La inteligencia emocional podría definirse como la capacidad que tiene una persona de manejar, entender, seleccionar y trabajar sus emociones y las de los demás con eficiencia, generando resultados positivos. En educación muchas veces nos hemos encerrado solamente en transmitir conocimientos; hoy, gracias a Dios, vemos que es necesaria la educación en diferentes aspectos vitales. Desde ahí es desde donde surge la imagen que propongo para la cubierta de este número dedicado a la inteligencia emocional en la educación y en la pastoral. Un papel viejo, de un cuaderno antiguo, sobre el que se muestra una extraña figura formada por un corazón y un cerebro, ambos símbolos de lo que se quiere representar, el cerebro de la inteligencia y el corazón como el motor de los sentimientos. En la imagen quiero representar que ambos están interconectados y que no se pueden separar. Hacerlo en un estilo vintage no tiene otra intención que «criticar» ese afán por lo antiguo en algunos estilos educativos a los que les cuesta abrirse a nuevas perspectivas.
La inteligencia emocional es la que nos da las habilidades para gestionar bien las emociones. Tanto las nuestras como las de los demás. Así mismo, la inteligencia emocional nos debe servir para entender las emociones de los demás y saber cómo tratar a la gente que nos rodea, de forma que estén a gusto a nuestro lado. Nos puede ayudar a que no provoquemos emociones desagradables en ellos: ira, tristeza, frustración, etc.
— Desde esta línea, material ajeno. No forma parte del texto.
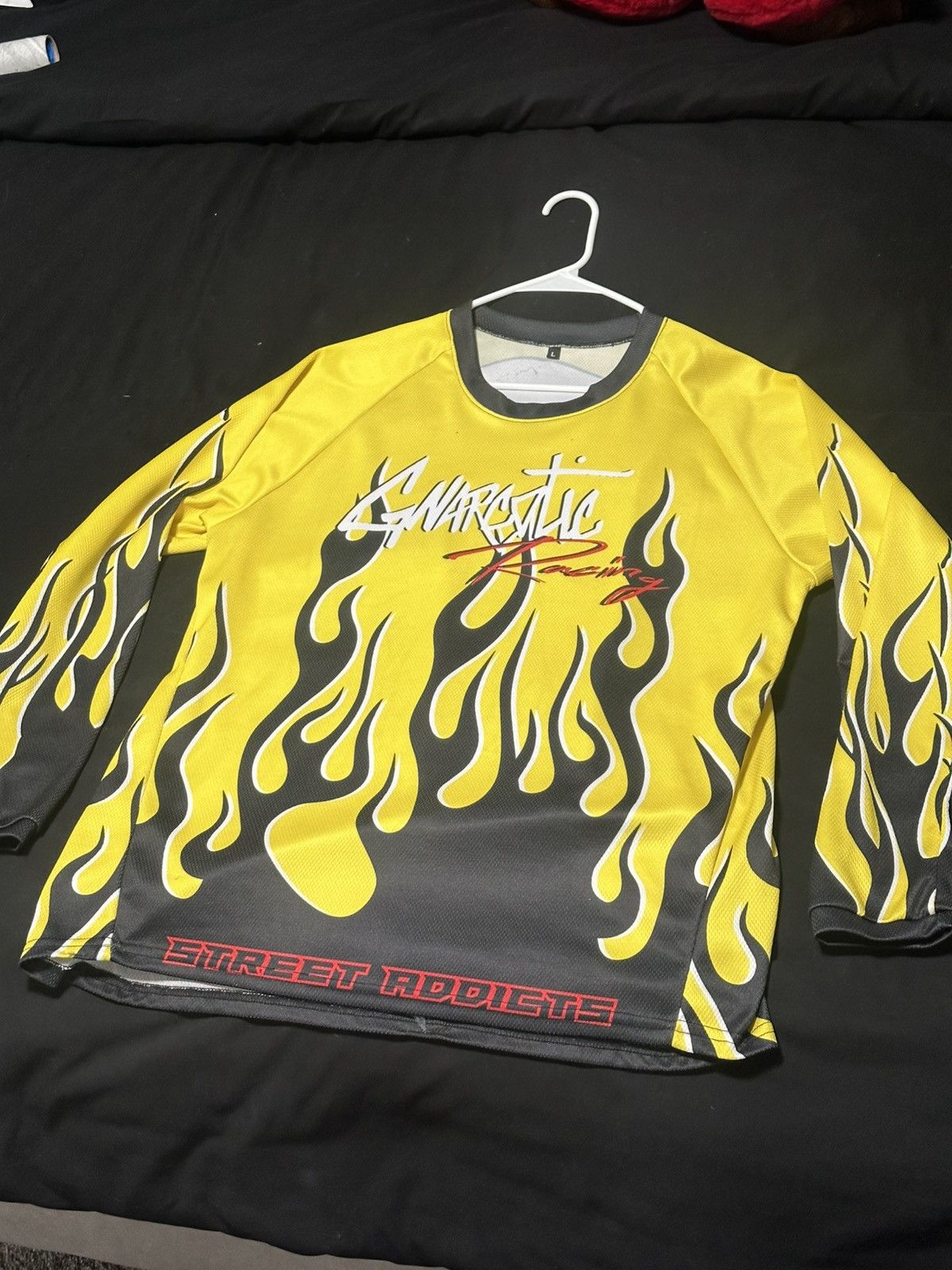 Gnarcotic Gnarcotic Yellow x Black Flames dirtbike jersey Size US L / EU 52-54 / 3 - 5 Thumbnail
Es decir, tener mano izquierda a la hora de plantear las cosas.
Nos dicen los psicólogos que alguien con una buena inteligencia emocional debería ser capaz de aplicar las siguientes cosas:
– Pensar antes de actuar… y no ir a la deriva y a lo «loco» antes de hacer las cosas.
– Ser empático para poder entender, respetar y manejar las emociones de los demás, haciendo que la gente que nos rodee esté a gusto.
– Saber elegir bien las emociones en cada momento, para que nuestro comportamiento sea óptimo.
– Manejar, conocer y controlar bien las emociones negativas, especialmente en lo que respecta a la ira, la tristeza, la frustración, la ansiedad o el estrés.
– Vivir una vida con alto grado de motivación y optimismo, creciéndonos ante la adversidad, en vez de viniéndonos abajo. Ser feliz.
Y yo me pregunto: ¿No es esto lo que buscamos como educadores? ¿No es esto lo que buscamos como pastores? ¿No es en definitiva lo que busca Dios para cada uno de nosotros? ¿Por qué entonces nos encerramos en sistemas anticuados y nos cuesta tanto abrirnos a nuevas realidades? ¿Por qué nos cuesta tanto abrir nuestro corazón y aprender a leer el de los demás?